EPS GROWTH RATE IN THE IMMEDIATE PAST AND FUTURE: PASS

This methodology likes to see companies with an EPS growth rate higher than the S&P in the immediate past and a likelihood that this trend will continue in the near future.

SAFM passes this test as its EPS growth rate over the past 6 months (399.01%) has beaten that of the S&P (19.60%). SAFM's estimated EPS growth for the current year is (52.93%), which indicates the company is expected to experience positive earnings growth. As a result, SAFM passes this test.

P/E RATIO: PASS

The P/E of a company should be in the bottom 20% of the overall market. SAFM's P/E of 12.02, based on trailing 12 month earnings, meets the bottom 20% criterion (below 13.08), and therefore passes this test.

CURRENT RATIO: PASS

A prospective company must have a strong Current Ratio (greater than or equal to the average of it's industry [1.15] or greater than 2). This is one identifier of financially strong companies, according to this methodology. SAFM's current ratio of 3.91 passes the test.

RETURN ON EQUITY: PASS

The company should have a high ROE, as this helps to ensure that there are no structural flaws in the company. This methodology feels that the ROE should be greater than the top one-third of ROE from among the top 1500 large cap stocks, which is 17.04%, and would consider anything over 27% to be staggering. The ROE for SAFM of 21.96% is high enough to pass this criterion.

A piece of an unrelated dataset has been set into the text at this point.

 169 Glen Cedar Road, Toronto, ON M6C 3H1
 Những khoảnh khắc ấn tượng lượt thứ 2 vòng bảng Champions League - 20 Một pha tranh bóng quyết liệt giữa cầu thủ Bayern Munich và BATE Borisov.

PRE-TAX PROFIT MARGINS: PASS

This methodology looks for pre-tax profit margins of at least 8%, and considers anything over 22% to be phenomenal. SAFM's pre-tax profit margin is 13.42%, thus passing this criterion.

LOOK AT THE TOTAL DEBT/EQUITY: PASS

The company must have a low debt to equity ratio, which indicates a strong balance sheet. The Debt/Equity ratio should be less than 20% or less than the industry average. SAFM's Total Debt/Equity of 0.00% is considered exceptional.